In my last post I mentioned that I had given testimony in a custody case in Cameron in which the attorneys for both the father and his parents were attacking home schooling and arguing that the mother should not have custody of her children because she homeschooled them and “isolated” them. The attorneys made these arguments in spite of testimony from several teachers regarding the outstanding character and academic excellence of the children.
The attorneys challenged the fact that a child could receive adequate education and socialization by a parent, in spite of volumes of evidence to the contrary. They even tried to link home schooling as the cause in another case in the court in which the parental rights of a couple were terminated. The psychologist in that case claimed that the young husband had severe issues that his own mother failed to address when she homeschooled him.
Of course, no one tries to make such arguments against public schools when a public school teacher is guilty of abuse or neglect.
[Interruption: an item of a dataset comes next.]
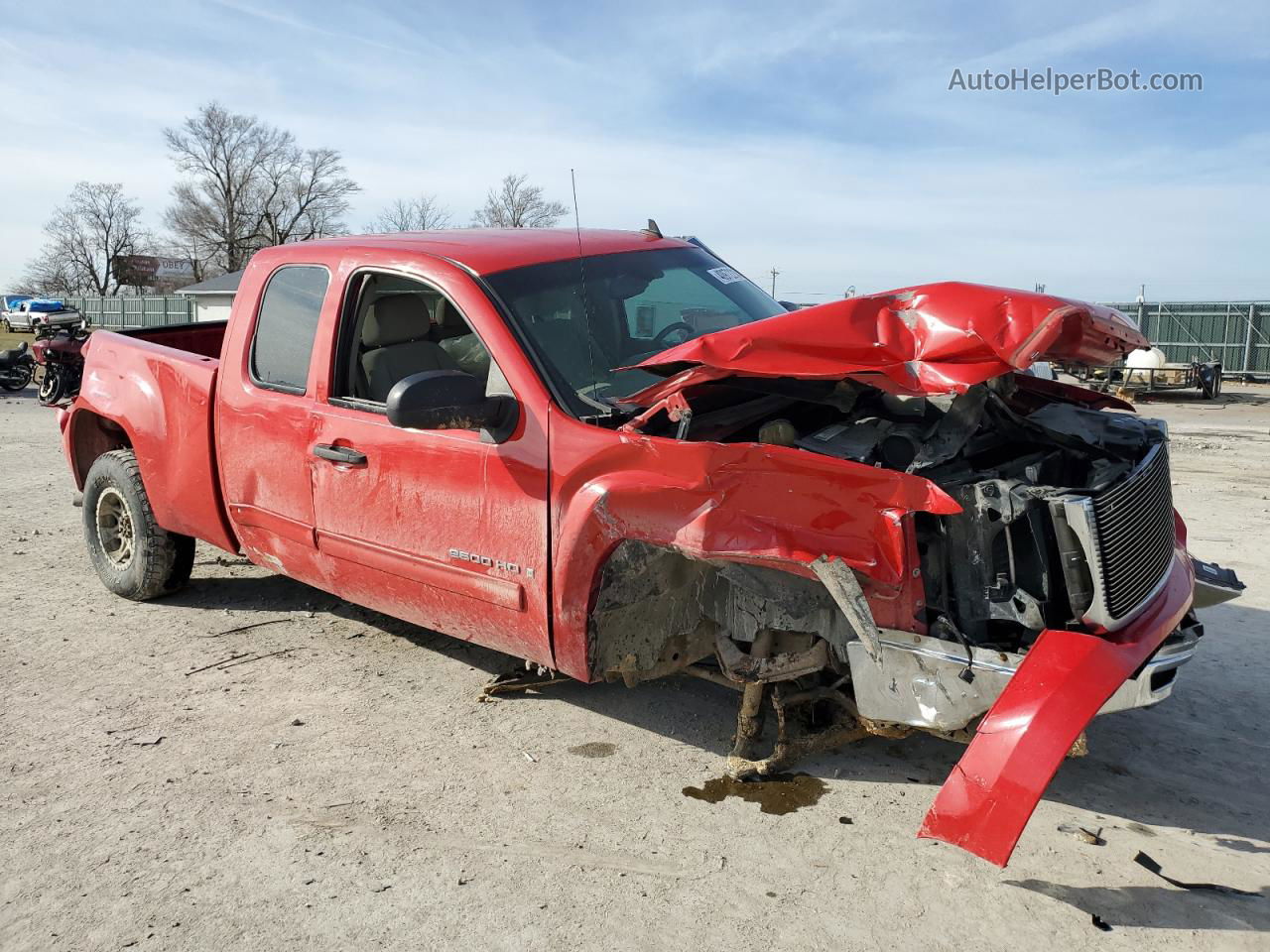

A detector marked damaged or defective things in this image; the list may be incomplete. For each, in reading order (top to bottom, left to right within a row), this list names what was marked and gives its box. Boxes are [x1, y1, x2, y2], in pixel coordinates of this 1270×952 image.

In fact, public education is not even attacked when teachers in the same elementary school in California are charged with child molestation. Nor should we judge schools or educational methods on anecdotal evidence. The empirical data in support of the fact that home schooling as a very viable educational alternative is overwhelming.
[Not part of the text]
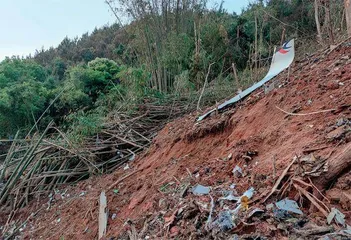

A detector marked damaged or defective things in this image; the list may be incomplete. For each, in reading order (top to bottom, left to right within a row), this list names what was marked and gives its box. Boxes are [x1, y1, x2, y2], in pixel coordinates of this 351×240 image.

crumpled metal debris [276, 198, 304, 215]
crumpled metal debris [328, 207, 346, 226]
However, while these attacks against home schooling in this particular custody case are made to accomplish the father’s and grandparents’ goal to take this mother’s children from her, there are growing attacks against home schooling for philosophical reasons as well.
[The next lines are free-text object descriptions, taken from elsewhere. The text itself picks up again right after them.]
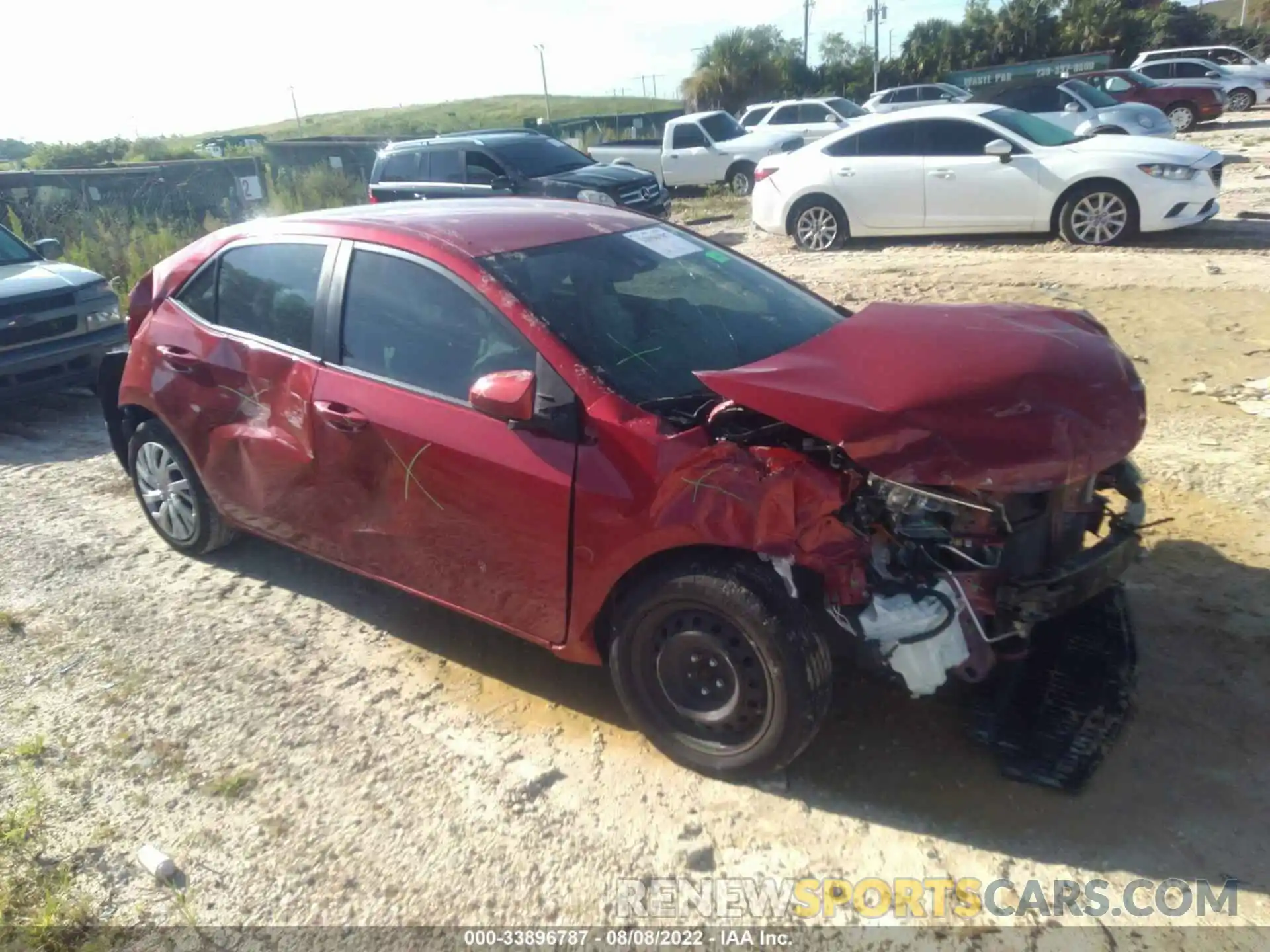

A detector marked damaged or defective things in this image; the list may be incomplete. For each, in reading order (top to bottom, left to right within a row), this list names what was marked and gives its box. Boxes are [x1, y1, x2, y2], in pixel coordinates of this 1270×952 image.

dented driver door [145, 238, 337, 548]
dented driver door [304, 242, 573, 645]
red damaged sedan [99, 199, 1148, 792]
front fender crumpled [650, 446, 868, 606]
crumpled red hood [696, 303, 1153, 492]
missing front bumper [970, 586, 1143, 792]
In a post last year, I commented that the “Occupy Wall Street” (OSW) movement had listed as one of its goals the outlawing of home schooling. I had several responses from home schoolers who support that movement that this was not really the goal of the group, but in fact it was listed by the group in an “unofficial” list and continues to be posted on its official website.
Last week another liberal website posted an anti-home schooling article chastising their fellow progressives who homeschool or support home schooling. The article says that home schooling is “unevenly regulated” by the states and that even the liberal literature on home schooling has “overheated hostility toward public schools.”
“Of course, no one wants to sacrifice his own child’s education in order to better serve someone else’s kid,” they say, but that is exactly what the author advocates. He says, “. . . [G]overnment is the only institution with the power and scale to intervene in the massive undertaking of better educating American children, 90 percent of whom currently attend public schools.”
What this liberal group is really advocating is that we need to make sure that we force people into the public education system so we can make sure that they adopt the value system and worldview that we want all Americans to have. Many years ago I had a conversation with a Republican candidate for a statewide judicial office who voiced similar concerns. He was worried what might happen to the public school system if all the good students like my children were taken out to homeschool. My response was that I was concerned about doing what was best for my children and that I was not willing to sacrifice doing that in order to try to help solve the ills of public education. My progressive home school friends still agree.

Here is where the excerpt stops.